8 Common Marketing Errors Local Businesses Make

If you’re like most small business owners, you probably already know how important marketing is to the success of your business. But marketing can be tricky to get right. Results can take a while to see, and in the meantime, you might worry that you’re doing something wrong.

Unfortunately, much of marketing is trial and error — you have to constantly test strategies to know what works. But some things are a guaranteed win, and without them as a foundation, the rest of your marketing efforts start to crumble.

So today, we’re sharing the 8 most common marketing errors we see local business make and showing you how to avoid them in the future.

1. They don’t have a website

The number one mistake most local businesses make is not having any sort of online presence. According to Clutch, 29% of small businesses don’t have a website — not even a DIY one. Compare that to the 81% of people who search for goods or services online before purchasing, and you start to see the real problem.

Local businesses with no website simply can’t attract the same volume of customers and clients that businesses with websites can.

If you live in certain areas of the U.S., this may cause more problems for you than elsewhere. According to Clutch, local businesses in the Midwest are least likely (58%) to have a website, followed by the South (72%), the Northeast (73%), and the West (77%).

local business marketing mistakes

That means that here in the South, more than 1 in 4 local businesses can’t compete when it comes to attracting customers.

If your business currently doesn’t have a website, we can help you with that. Otherwise, keep reading.

2. Their website isn’t responsive

Having a website up and running is the first step to creating an effective marketing strategy. But if you really want it to help bring in customers, you need more than a basic desktop version. You need a website that’s mobile-responsive.

That’s because 80% of internet users accessed the Web via their smartphones in 2017, and of those people, 61% were more likely to contact a local business if it had a responsive website.

Taking your site beyond the basics and making it easy to use on any device ensures your visitors have a better experience with your brand. Good experiences create feelings of trust, and that’s what ultimately convinces your website visitors to do business with you.

Still, only 56% of small businesses in the U.S. have a mobile-friendly website, and in the South, that rate drops to 51%. That means half of Southern local businesses aren’t ready for the vast majority of their website visitors, and they’re losing potential customers as a result.

3. They’re not active on social media

Social media is one of the most important marketing tools out there for a local business. Not only does it give you a platform to connect with your community and start building a reputation for your brand, but it’s also completely free.

With social media, you can connect with your customer base, build brand awareness and loyalty, drive traffic to your website, keep tabs on your competitors, and so much more. If you have some wiggle room in the marketing budget, you can start exploring the advertising options that are now available on nearly every existing social media platform.

Worried that your customers won’t engage with your social media accounts? Don’t be. Social media is now the most widely preferred avenue for customer care. In fact, 30% of Millennials engage with brands on at least a monthly basis, as do 32% of Gen Xers and 14% of Baby Boomers.

enerational engagement on social media local business marketing mistakes

So by being active on social media, you’re making it easier for your potential customers to engage with your brand frequently.
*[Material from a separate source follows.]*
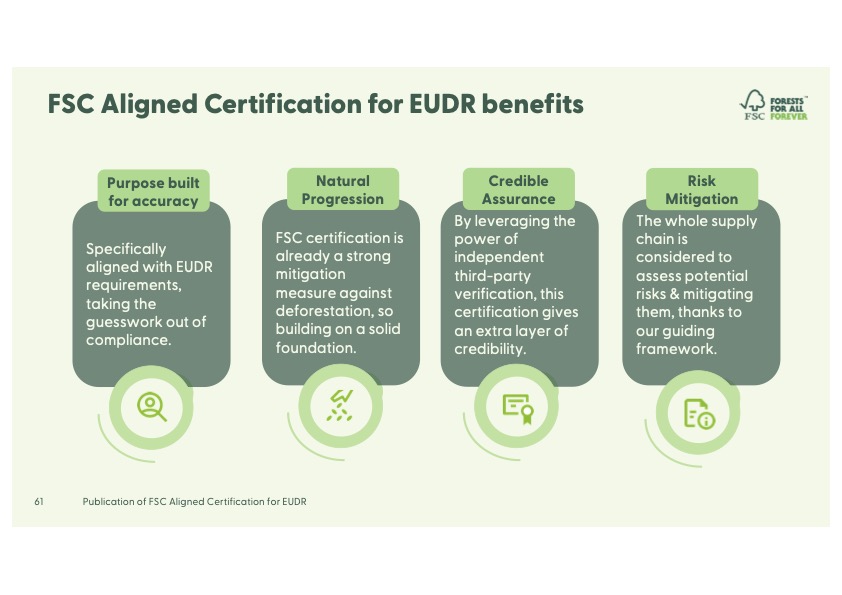 FSC Aligned Certification for EUDR - benefits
And when it’s easy for them to engage, it’s easy for them to feel comfortable spending money.

4. They have too many social media accounts

Just because you use social media to market your local business doesn’t mean that you’re not making mistakes. We’ve seen plenty of small businesses who erred too far in the other direction under the impression that they need to be active on every social channel available.

Usually, this practice hurts the business more than it helps. With so many platforms, most small businesses find themselves spread too thin to maintain all of them. They post inconsistently, which drives followers away. Their audience grows slowly, if at all, which is discouraging to the staffer tasked with managing the brand’s social media accounts. And discouragement doesn’t lend itself well to continued marketing efforts.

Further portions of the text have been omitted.